DJ Aktien Wien schließen fester - Bankwerte von UniCredit beflügelt
WIEN (Dow Jones)--Die Börse in Wien hat am Mittwoch die höchsten Indexstände seit zwei Monaten verzeichnet und letztlich fester geschlossen. Angetrieben wurden die Kurse vor allem von einer optimistischeren Einschätzung der Konjunktur durch die US-Notenbank und die Aussicht auf weiterhin historisch niedrige Zinsen in den USA. Daneben sorgte auch der Verfallstermin an den Aktienoptions- und Terminmärkten am Freitag für technischen Rückenwind. Der ATX stieg um 1,1% bzw 29 Punkte auf 2.609. Der ATX-Prime-Index, in dem 47 Titel gelistet sind, legte um 1,3% bzw 16 Zähler auf 1.220 zu. Umgesetzt wurden 6,05 (Vortag: 5,05) Mio Stück.

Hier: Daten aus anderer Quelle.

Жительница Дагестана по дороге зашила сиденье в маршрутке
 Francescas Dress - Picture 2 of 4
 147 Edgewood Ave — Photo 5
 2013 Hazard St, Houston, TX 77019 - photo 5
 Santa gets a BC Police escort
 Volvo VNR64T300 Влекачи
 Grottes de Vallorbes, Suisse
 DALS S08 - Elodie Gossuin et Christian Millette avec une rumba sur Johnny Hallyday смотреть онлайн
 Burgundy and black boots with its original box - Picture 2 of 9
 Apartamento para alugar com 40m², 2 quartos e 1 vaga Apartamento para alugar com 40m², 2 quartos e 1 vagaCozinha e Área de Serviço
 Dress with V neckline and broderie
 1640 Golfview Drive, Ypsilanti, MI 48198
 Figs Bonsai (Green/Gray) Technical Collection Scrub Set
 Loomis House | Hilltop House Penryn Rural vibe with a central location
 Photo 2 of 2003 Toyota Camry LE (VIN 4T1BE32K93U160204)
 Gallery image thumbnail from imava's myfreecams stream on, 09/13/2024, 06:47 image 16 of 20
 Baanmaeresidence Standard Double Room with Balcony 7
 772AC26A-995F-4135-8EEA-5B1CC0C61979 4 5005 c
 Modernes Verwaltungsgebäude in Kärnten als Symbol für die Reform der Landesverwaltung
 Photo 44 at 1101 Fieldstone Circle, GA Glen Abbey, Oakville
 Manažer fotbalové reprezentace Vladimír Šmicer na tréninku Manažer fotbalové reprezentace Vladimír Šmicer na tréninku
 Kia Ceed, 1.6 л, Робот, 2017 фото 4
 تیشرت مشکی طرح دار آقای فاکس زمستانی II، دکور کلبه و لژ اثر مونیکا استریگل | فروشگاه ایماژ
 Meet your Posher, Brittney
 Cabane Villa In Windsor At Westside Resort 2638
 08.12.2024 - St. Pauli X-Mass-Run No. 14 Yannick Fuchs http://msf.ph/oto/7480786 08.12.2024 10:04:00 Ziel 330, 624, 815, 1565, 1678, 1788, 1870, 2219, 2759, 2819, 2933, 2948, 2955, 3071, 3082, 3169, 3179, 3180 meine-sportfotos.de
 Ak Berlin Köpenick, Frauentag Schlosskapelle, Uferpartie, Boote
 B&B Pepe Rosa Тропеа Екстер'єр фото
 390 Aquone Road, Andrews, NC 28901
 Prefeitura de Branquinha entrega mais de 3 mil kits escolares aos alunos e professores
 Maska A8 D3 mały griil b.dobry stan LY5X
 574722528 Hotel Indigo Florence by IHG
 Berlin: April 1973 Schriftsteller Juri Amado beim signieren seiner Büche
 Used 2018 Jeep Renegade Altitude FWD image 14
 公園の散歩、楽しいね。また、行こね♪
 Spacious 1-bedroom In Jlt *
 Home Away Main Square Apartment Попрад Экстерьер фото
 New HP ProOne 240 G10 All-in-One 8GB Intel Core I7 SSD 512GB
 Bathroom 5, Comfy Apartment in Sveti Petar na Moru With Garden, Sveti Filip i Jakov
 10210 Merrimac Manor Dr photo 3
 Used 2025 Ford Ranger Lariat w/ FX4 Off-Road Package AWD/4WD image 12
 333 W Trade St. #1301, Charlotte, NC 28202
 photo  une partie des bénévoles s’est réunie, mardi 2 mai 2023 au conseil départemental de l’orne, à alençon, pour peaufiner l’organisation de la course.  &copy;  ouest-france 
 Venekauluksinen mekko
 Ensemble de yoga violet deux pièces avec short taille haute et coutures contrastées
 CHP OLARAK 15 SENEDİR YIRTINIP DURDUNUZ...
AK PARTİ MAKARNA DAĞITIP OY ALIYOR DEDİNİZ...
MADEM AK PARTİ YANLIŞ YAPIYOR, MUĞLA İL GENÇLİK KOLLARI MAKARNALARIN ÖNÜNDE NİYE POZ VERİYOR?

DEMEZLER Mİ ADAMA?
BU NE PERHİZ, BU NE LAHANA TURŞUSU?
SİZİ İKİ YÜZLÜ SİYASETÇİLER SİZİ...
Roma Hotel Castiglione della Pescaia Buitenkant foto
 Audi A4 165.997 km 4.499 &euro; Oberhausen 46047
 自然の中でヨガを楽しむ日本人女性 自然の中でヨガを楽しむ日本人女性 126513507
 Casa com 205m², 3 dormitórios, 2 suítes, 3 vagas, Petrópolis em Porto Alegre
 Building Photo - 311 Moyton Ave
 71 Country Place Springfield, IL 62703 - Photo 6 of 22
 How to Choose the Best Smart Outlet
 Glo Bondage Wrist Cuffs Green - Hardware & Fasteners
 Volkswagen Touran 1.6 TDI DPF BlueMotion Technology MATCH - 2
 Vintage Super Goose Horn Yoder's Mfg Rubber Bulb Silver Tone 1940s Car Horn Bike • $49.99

Gesucht waren unter anderem Bankenwerte, gestützt von den positiv aufgenommenen Geschäftszahlen des UniCredit und ihrer Tochter Bank Austria. Der hohe Zinsüberschuss im vierten Quartal habe auch für Käufe bei Erste Group und Raiffeisen gesorgt, sagte ein Händler. "Diese Häuser haben ähnlich wie der UniCredit ein überproportional hohes Engagement in den mittel- und osteuropäischen Märkten", so der Händler weiter. Hinzu komme, dass Forint, Zloty und Tschechische Krone in den vergangenen Wochen zum Euro kräftig aufgewertet hätten. Erste Bank verteuerten sich um 1,42% auf 30,72 EUR und Raiffeisen International gar um 5,2% auf 36,30 EUR.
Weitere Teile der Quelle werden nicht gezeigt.